Pennsylvania
The Pennsylvania Office of Child Development and Early Learning partners with parents, schools, child care providers, early-intervention programs, Head Start, libraries, community organizations, and other stakeholders in order to provide Pennsylvania’s youngest children with a high-quality early childhood education system. Private partners also play a key role in ensuring that children have access to the highest quality of care in the early years. Seven Pennsylvania foundations joined together to build a coalition and to fund the Pre-K for PA campaign to expand access to preschool for all three- and four-year-old children in the state under 300 percent of the federal poverty level.

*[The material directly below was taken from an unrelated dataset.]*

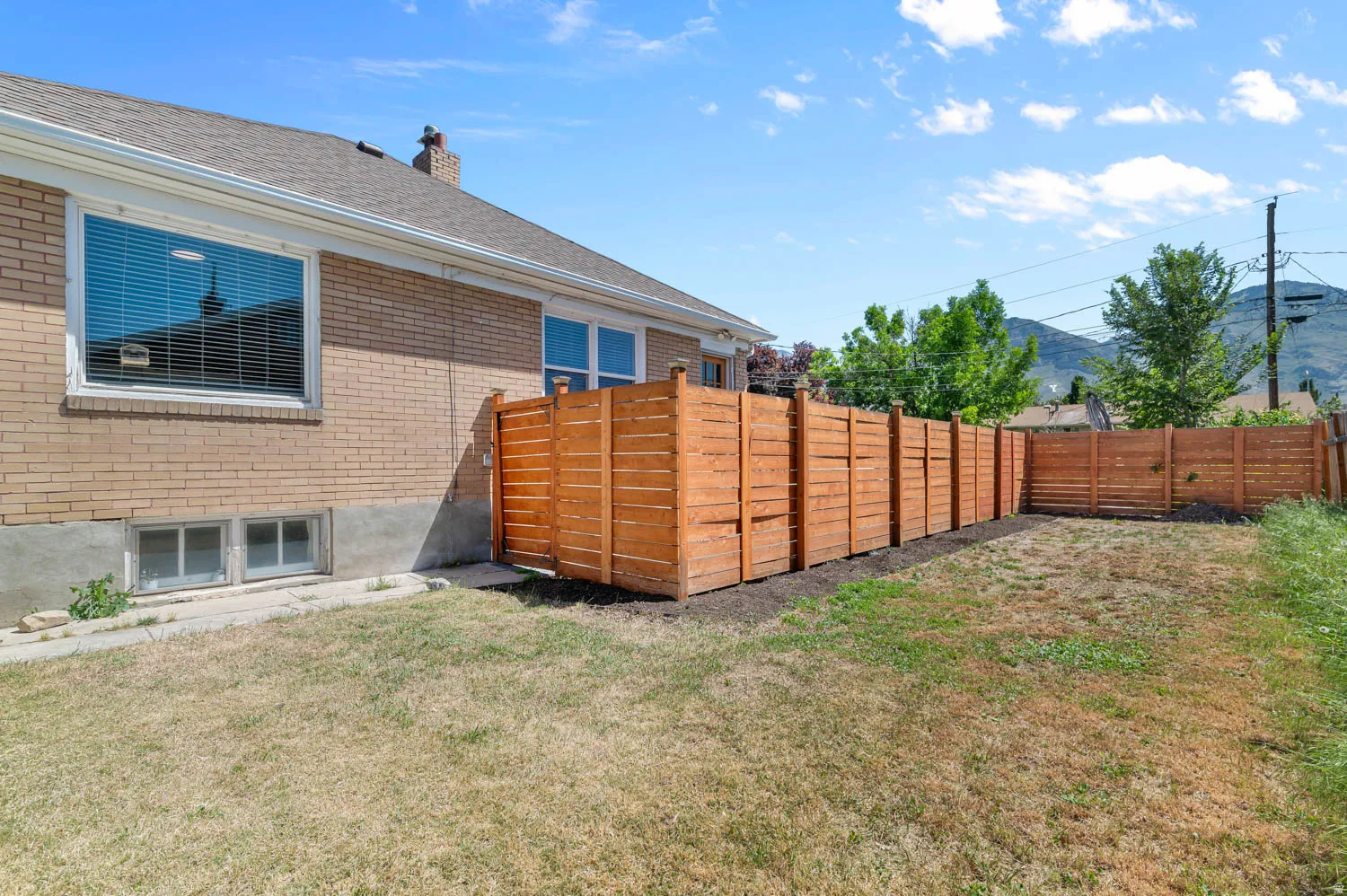 Expansive backyard featuring a new horizontal slat wood fence, brick exterior, and multiple windows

The campaign achieved an interim victory in July of 2014 when the state increased preschool funding by $10 million (an 11.5 percent increase), which will result in 1,670 additional children served. The state partnered specifically with the American Academy of Pediatrics and United Way in drafting their 2014 Infant, Toddler, and Pre-kindergarten Standards. It sets high standards for programs and professionals, and then gives programs the support they need in order to meet those standards, in terms of accountability. Pennsylvania has also released detailed reports to gauge the level at which their early childhood centers are operating, detailing both the risk and reach of the Keystone Stars program, showing that more than one-third of the state’s children under age five participate in some sort of state or federally funded early education program.